The Austin Chronicle

https://www.austinchronicle.com/news/2000-05-12/77185/

Naked City

Poor Track Record

By Robert Bryce, May 12, 2000, News

San Antonio's plans for light rail jumped the tracks on Saturday when just 30% of Alamo City voters supported VIA's proposed quarter-cent sales tax hike for a 53-mile-long light rail system. The defeat was a crushing blow to the plan that VIA offered, and it may have repercussions for Austin. Capital Metro officials were closely watching the San Antonio elections, and they are now putting a positive spin on the results.

"The big difference is that they were asking for a new tax," says Cap Metro general manager Karen Rae, pointing out that Austinites will only be asked to approve that the sales tax Cap Metro already collects be used for light rail.

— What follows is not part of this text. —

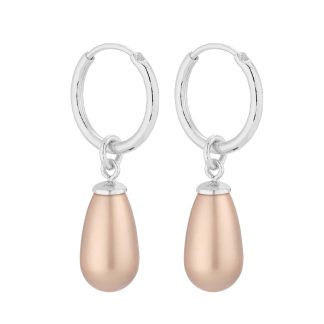 Srebrne kolczyki koła z pudrowymi perłami SWAROVSKI® CRYSTAL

And, Rae said, while VIA used many of the same arguments that Cap Metro is using to justify light rail (air quality, congestion, growth management) the key difference is the perceived importance of transportation issues. "Transportation doesn't seem to be a big issue in San Antonio. It does seem to have a higher profile in our region," she said.

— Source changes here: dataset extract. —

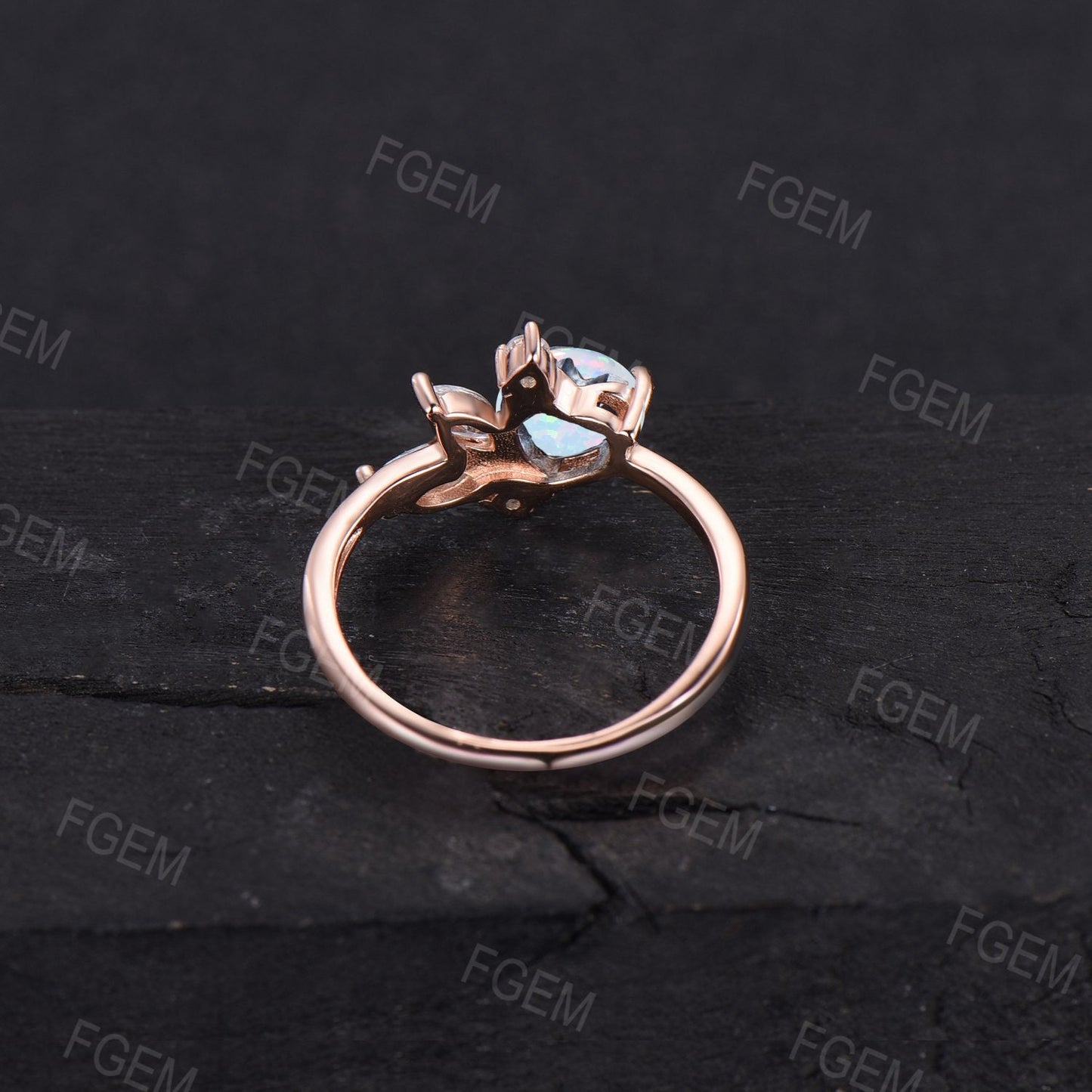 White Opal Ring for Women Rose Gold Ring Pear Opal Engagement Ring Sterling Silver Cluster Moissanite Ring October Birthstone Jewelry Gift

Another key difference is that the Texas Public Policy Foundation, the conservative think tank that may have endangered its non-profit status by its open and outspoken opposition to light rail, is headquartered in San Antonio. No similar group has emerged in Austin to fight light rail. In addition, Cap Metro can count on high-tech executives with deep pockets to start pushing for light rail. A group of execs led by Vignette Corp. co-founder Ross Garber are reportedly planning to hold a press conference later this month touting the benefits of light rail. Garber has also reportedly begun forming a political action committee and an attack plan to support passage of the November referendum.

While high-tech money and backing will certainly work in Cap Metro's favor, the bottom line for light rail in November may be credibility. VIA's loss in San Antonio has largely been blamed on the agency's poor reputation. So it may be Cap Metro's reputation, not the merits of light rail itself, that ultimately decides light rail's future in Austin.